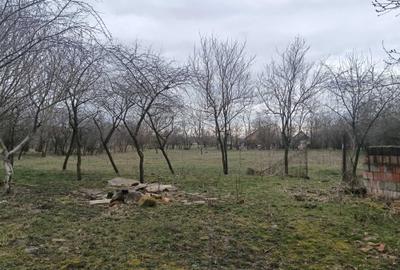 Casă cu 2 camere în Șemlacu Mare - 6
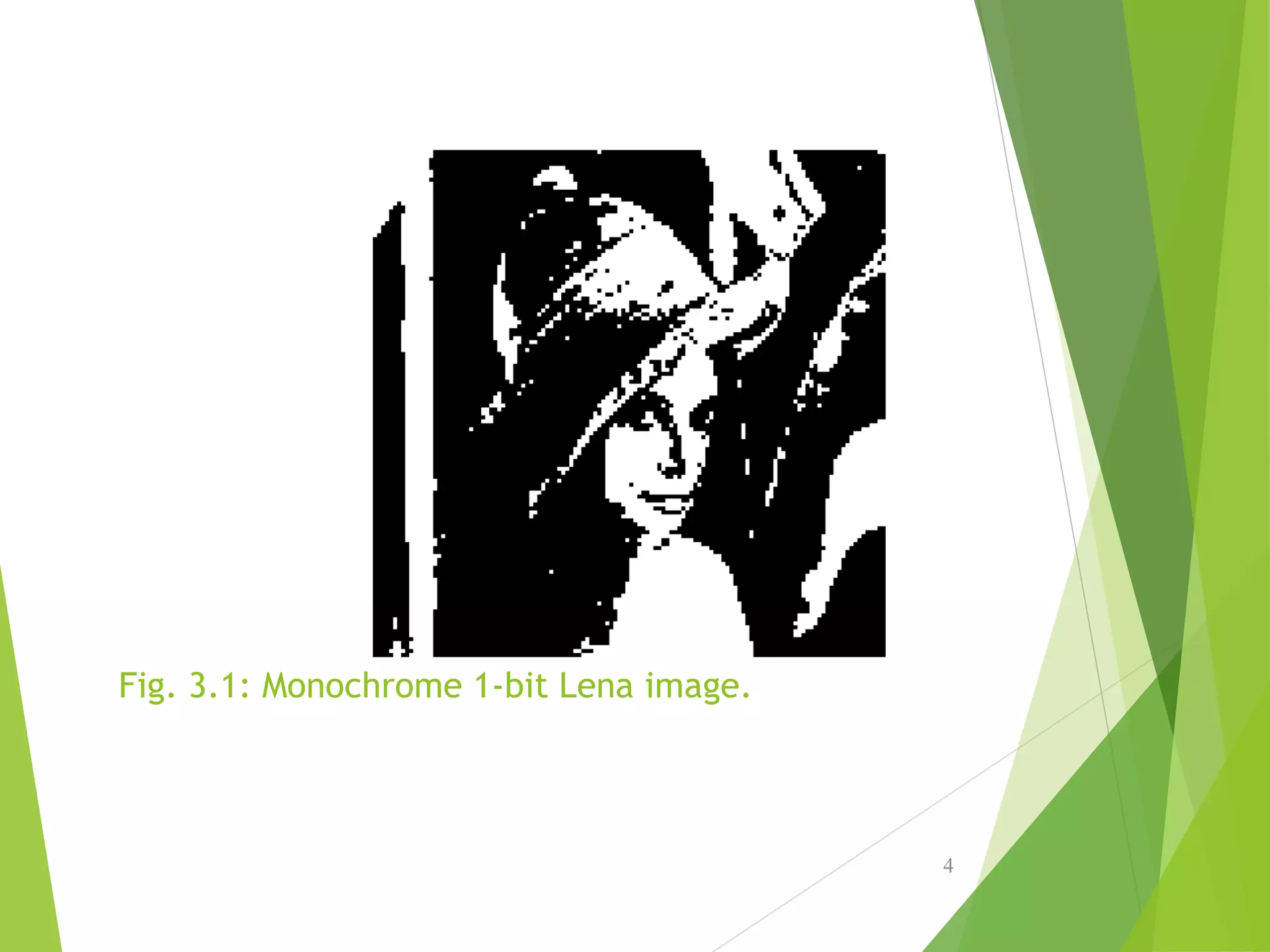 Fig. 3.1: Monochrome 1-bit Lena image.
4
 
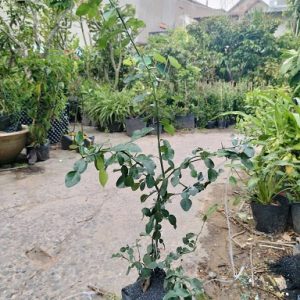 Cây chanh thái cao 1m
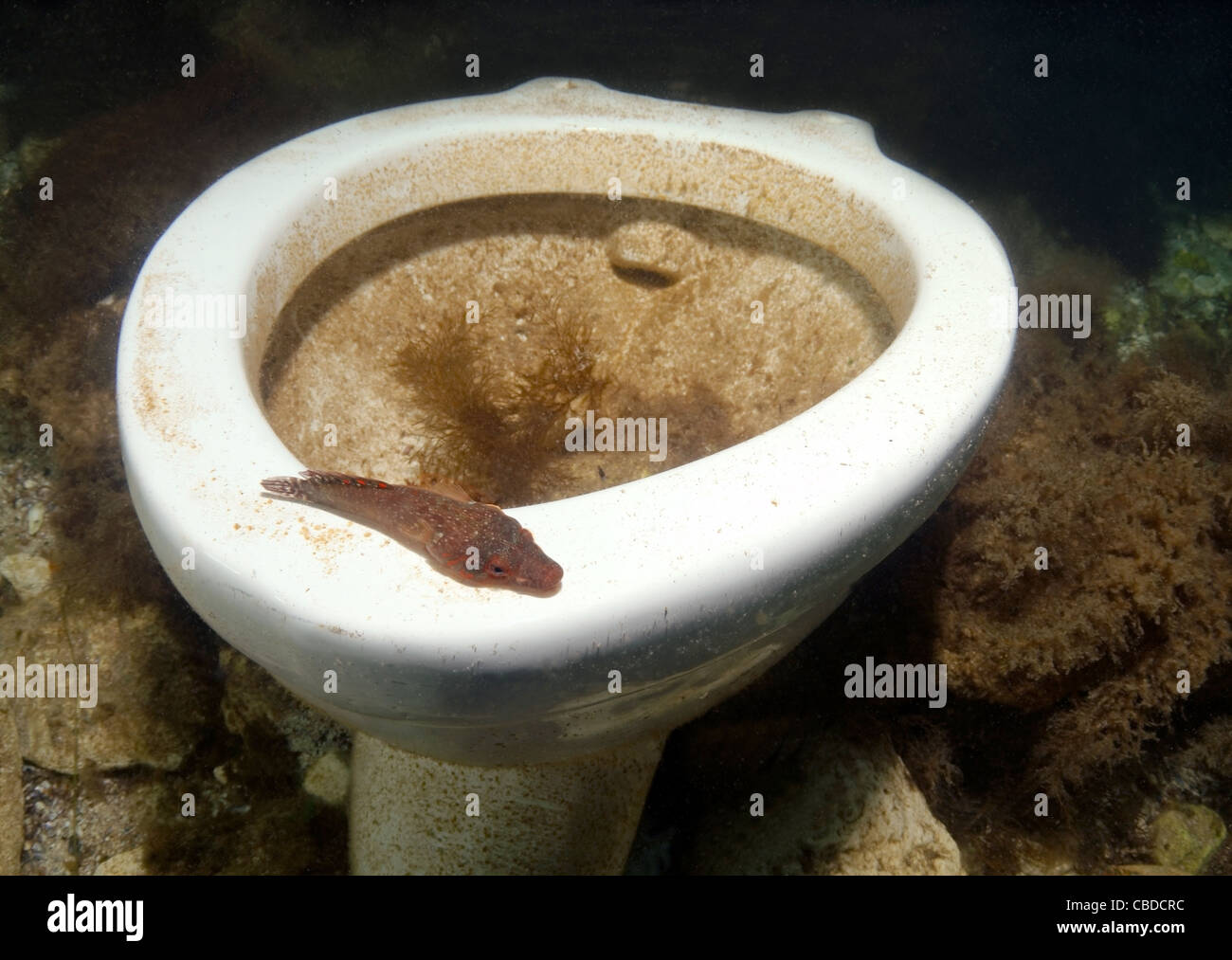 Shore clingfish (Lepadogaster lepadogaster) Black sea, Crimea, Ukraine, Eastern Europe Stock Photo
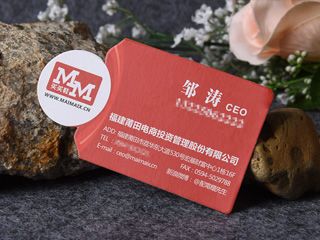 高檔工藝名片（網(wǎng)絡商務）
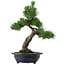 Pinus thunbergii, 52 cm, ± 25 years old, with a nebari of 14 cm, in a chipped pot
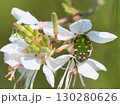 花の蜜を吸う黄金虫 130280626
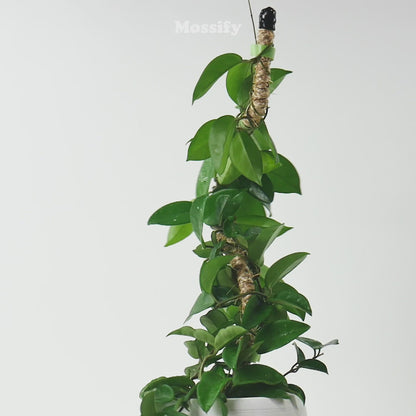 The Original Bendable Coir Pole™ - Best-seller (ruban inclus) 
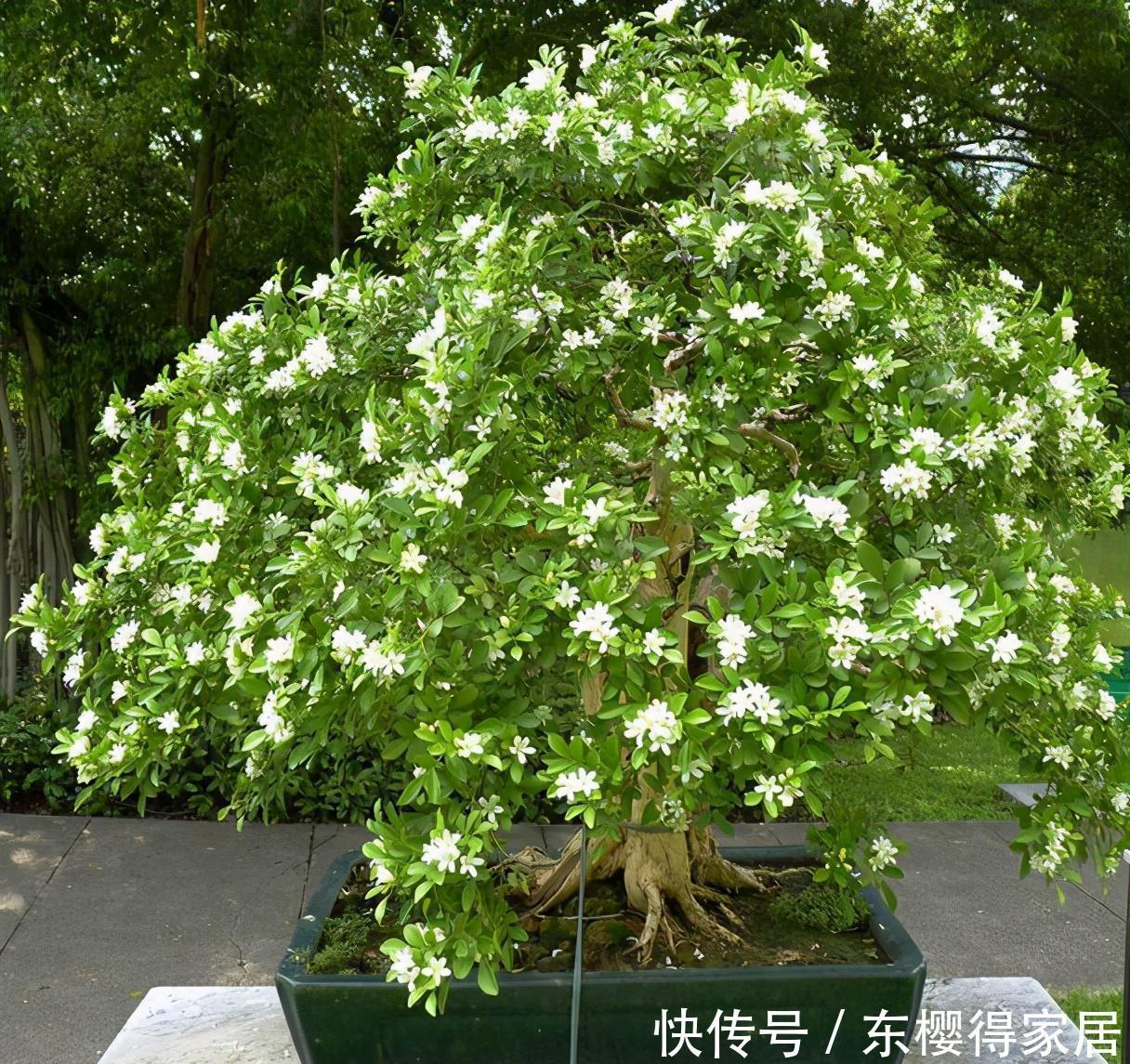 养护|3种花“清新脱俗”，不管养哪一种，都会觉得值得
━━━━━━━━━━━━━━━━
### Aim of the exercise
Reproduce exactly and only the lines from the "Pinus thunbergii, 52" line to the last line of the records above. Do not carry over any pictures.

### Finished task
 Pinus thunbergii, 52 cm, ± 25 years old, with a nebari of 14 cm, in a chipped pot
 花の蜜を吸う黄金虫 130280626
 The Original Bendable Coir Pole™ - Best-seller (ruban inclus) 
 养护|3种花“清新脱俗”，不管养哪一种，都会觉得值得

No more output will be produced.